Storm Boy: The Game Review

The calm before, during and after the storm.

From developer Blowfish comes Colin Thiele’s Storm Boy: The Game, based on the 1964 children’s book of the same name (that being Storm boy, not Storm Boy: The Game. That would just be weird, wouldn’t it). A tale about a young lad who helps and eventually befriends a clever little Pelican, Thiele’s touching story leaps into an interactive experience on the Switch, but the experience from a gameplay perspective is less of a storm and more a couple of light showers with some clouds.

Storm Boy tells the story of a young boy who befriends a smart bird. Or the bird might just stick around for the food. It can’t talk so who knows.

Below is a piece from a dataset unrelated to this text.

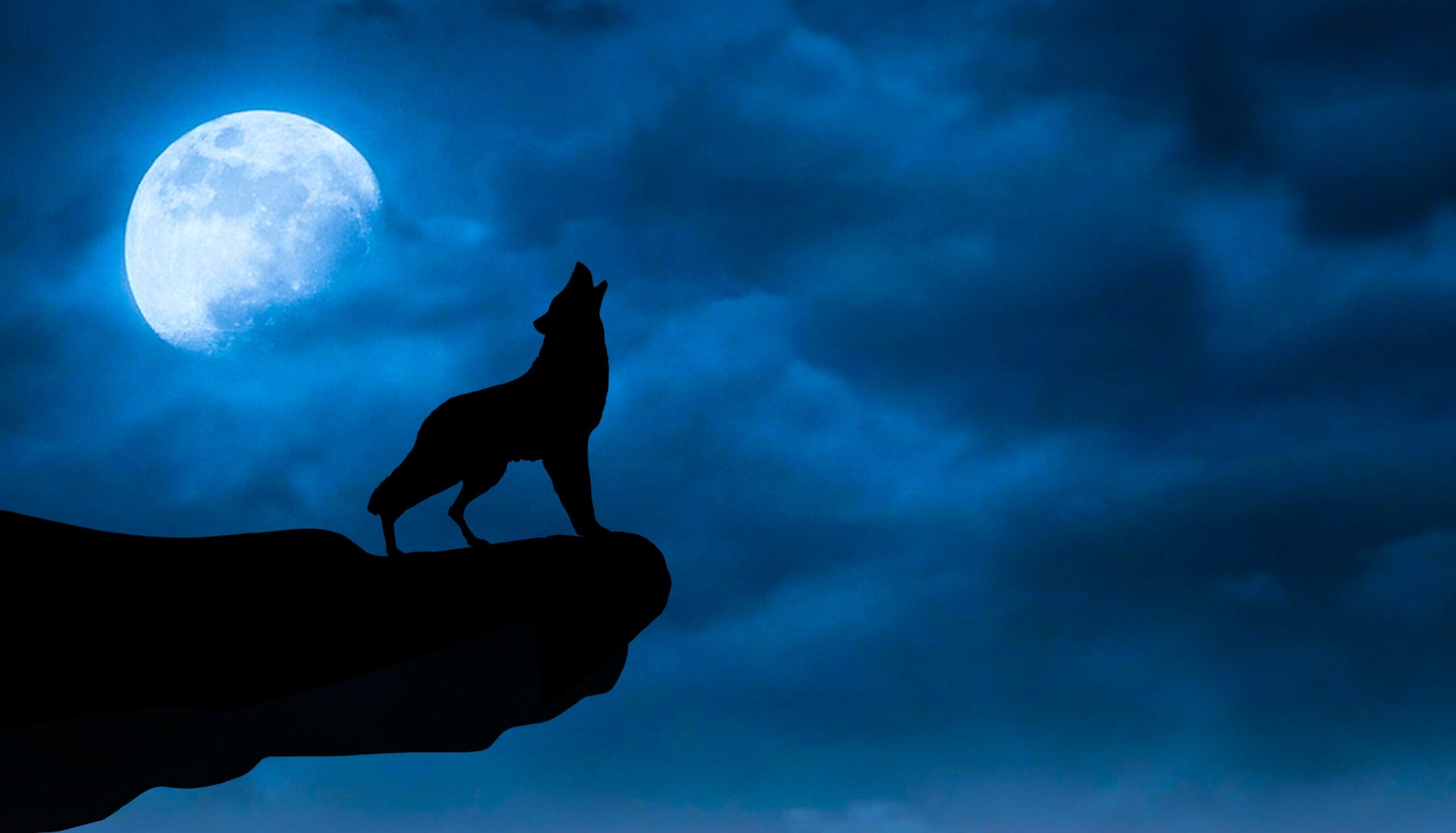 The First Full Moon of 2021: A Leo “Wolf Moon”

Storm Boy plays out like an interactive story, with you simply running from left to right. There are no other controls. In fact, my instinctive press of the B button to see if my character could jump sent me straight back to the menu multiple times. Mini-games add a more interactive element to the story, and include feeding birds, sailing and diving in the ocean, writing in the sand. They’re interesting and varied, and I can see how they would keep a child entertained and engrossed in the story, but none of them are particularly well designed. Some of the touch based activities, such as throwing fish to the pelicans for example, work well in handheld mode with touch controls, but not at all in docked mode. Luckily there is no winning or losing, and they serve only to further the story.

Writing in the sand. This was the best I could do, sorry.

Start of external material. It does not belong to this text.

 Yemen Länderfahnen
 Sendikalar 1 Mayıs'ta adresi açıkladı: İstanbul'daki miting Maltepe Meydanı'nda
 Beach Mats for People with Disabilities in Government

A young boy living on the coast of South Australia with his widowed father and smart bird Mr. Percival, Storm Boy has a cute, albeit short story that is transformed fairly well into a linear side-scrolling book with some interactive segments that spawn from Thiele’s descriptors. Graphically it’s nothing to write home about, save for the nicely drawn cover art, and it doesn’t run brilliantly either, but it is completely ‘playable’ – as much as the game is considered playable – via touch controls, which is great for parents handing it off to a young child.

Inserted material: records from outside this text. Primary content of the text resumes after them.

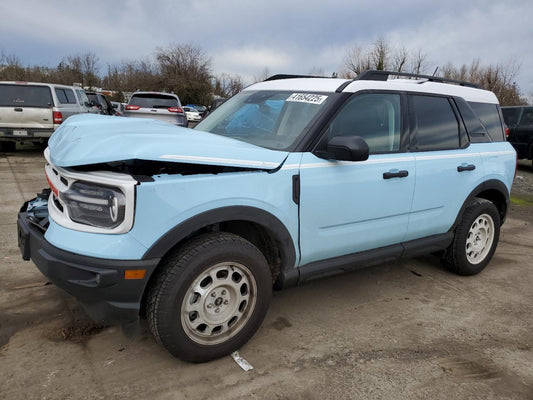 2024 FORD BRONCO SPORT HERITAGE VIN:KMHTC6AD1DU155143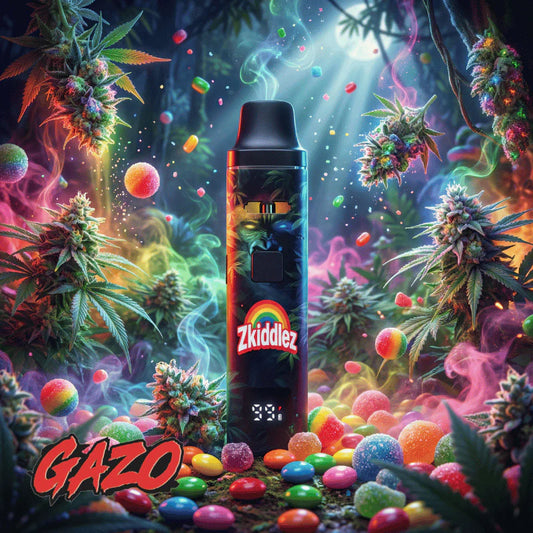 GAZO VAPE – H3BTA Zkiddlez – 1ml CRD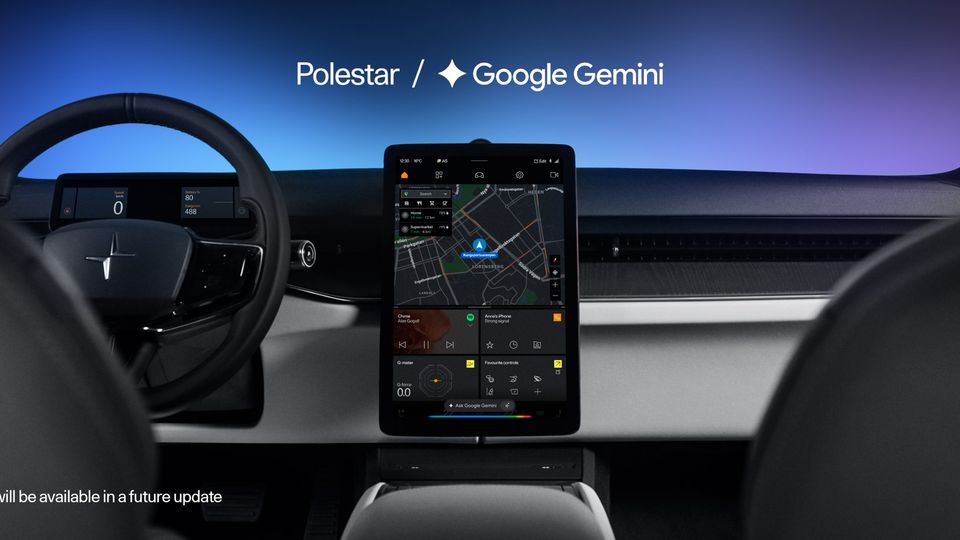 Google Gemini Polestar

The about section of the game describes how the original author’s words turn a young readers mind “into a canvas of the South Australian coast”, and I can’t help but feel like maybe the game defeats the purpose of the book? Then again, kids are all iPad centric and phantom-limb nowadays, and so maybe this is a clever way of Trojan-horsing a moral tale into an app they think is fun.

Shallow Gameplay: Storm Boy has a bunch of different mini-games, but they’re all pointless and get old fast.

Storm Boy is an interesting take on interactive storytelling, and it’s a nice little narrative toy for young children to play about with in tablet mode (or better yet, on an actual tablet- since the game is also available on iOS and Android), but from a gameplay perspective it’s in shallow waters, as there is little-to-no gamification in what is ultimately perhaps too true to the source material: words on a page. I’m not the target market for this one at all, and a young child may love poking around in the sand or playing catch with the pelican, but I’ve got my eye on the vast depth of the Switch Library, and this ones stuck on the shoreline.




Storm Boy: The Game is an interesting take on interactive storytelling, and young children or fans of the book may find enjoyment here, but its short length and lack of any real gameplay make it one worth passing on for the average Switch Player.